Cada persona, por su dotación genética más lo que aprende por sí misma o se le enseña, es única e irrepetible.

Esa totalidad, nunca definitiva, que puede mejorar o deteriorarse, se convierte en una verdadera apuesta, de resultado incierto, camino al perfeccionamiento.

El control de una conducta, que debe tener como norte exclusivo el bien, constituye herramienta fundamental para convertirse o no en factor positivo para su familia, grupo social, barrio, ciudad y país.

La conducta encaminada para hacer el bien a los demás y, en consecuencia, para uno mismo, es una de las claves más importantes para cruzar la vida con satisfacción y sin cargos de conciencia.

El descontrol, esto es, el preferirse y satisfacer sus propias apetencias o caprichos, sin considerar el daño colateral que se genera entre las personas afectadas por ese comportamiento y las que sufren el escarnio que produce, es resultado de un juicio de valor equivocado.

La equivocación, el error, se genera por el egoísmo, esto es, preferirse a sí mismo, sin importar las consecuencias morales y jurídicas que tendrán que soportar no solamente quien mal actúa, sino también los que bien lo quieren.

¿Habría que preguntar a estos últimos si se han sentido satisfechos y agradecidos por aquellas actuaciones u omisiones incorrectas, cuyas consecuencias negativas padecen?

De repente me parece que lo escrito producirá sonrisas de soslayo e incluso burlas y desprecio. ¿Me equivoco?

El mayor esfuerzo en las familias y en los centros de educación ha de ser la formación moral y religiosa.

En la religión católica aprendemos, entre los Mandamientos de la Ley de Dios, dos reglas de conducta sencillas pero efectivas, que nos permiten vivir con la conciencia tranquila y sin daños colaterales a nuestros familiares: No robar y, para evitar la tentación de cometer semejante acción, no codiciar los bienes ajenos.
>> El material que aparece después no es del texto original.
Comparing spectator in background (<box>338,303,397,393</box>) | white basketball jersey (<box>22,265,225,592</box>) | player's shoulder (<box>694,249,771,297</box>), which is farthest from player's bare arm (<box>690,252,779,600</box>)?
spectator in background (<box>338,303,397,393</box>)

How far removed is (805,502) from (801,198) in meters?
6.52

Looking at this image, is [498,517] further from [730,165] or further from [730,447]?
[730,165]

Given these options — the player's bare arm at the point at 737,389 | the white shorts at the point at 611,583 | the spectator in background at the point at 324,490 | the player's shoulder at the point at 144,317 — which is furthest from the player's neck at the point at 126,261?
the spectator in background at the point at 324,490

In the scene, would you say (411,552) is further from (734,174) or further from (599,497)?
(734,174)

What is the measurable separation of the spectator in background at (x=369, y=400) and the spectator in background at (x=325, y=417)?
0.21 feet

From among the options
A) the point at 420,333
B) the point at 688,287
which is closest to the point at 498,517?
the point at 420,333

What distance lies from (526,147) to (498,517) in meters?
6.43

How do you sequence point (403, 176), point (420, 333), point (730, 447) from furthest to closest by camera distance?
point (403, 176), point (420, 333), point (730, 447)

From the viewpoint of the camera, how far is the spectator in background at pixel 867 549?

Pero no hay que olvidar que la construcción de la personalidad basada en el bien, la justicia y la honradez no es cosa fácil, sobre todo en ambientes cargados de hedonismo e impulsos hacia el consumismo, al tiempo que los recursos económicos familiares son limitados o insuficientes.

Hay mucho por hacer, desde nuestros hogares, con nuestros hijos y nietos, predicando la honradez, especialmente con el ejemplo.

También en las aulas y en los centros de formación religiosa parroquiales y gremiales.

¿Por qué esa inteligencia y tanto conocimiento acumulados son utilizados egoístamente para satisfacer, de mala manera, los insaciables apetitos de riqueza, sin importar los daños y perjuicios que se causan económica y moralmente?

Si hemos recibido muchos dones, en genes y en enseñanzas, ¿serán para hacer el bien o para hacer el mal?

¿Habrá quienes enseñen a sus hijos o alumnos el arte de hacer el mal para beneficiarse, sin importar los principios legales y morales?; pero eso no es lo que queremos, al menos usted y yo.

¿Aprovechamos nuestros dones para hacer siempre el bien o simplemente los desaprovechamos?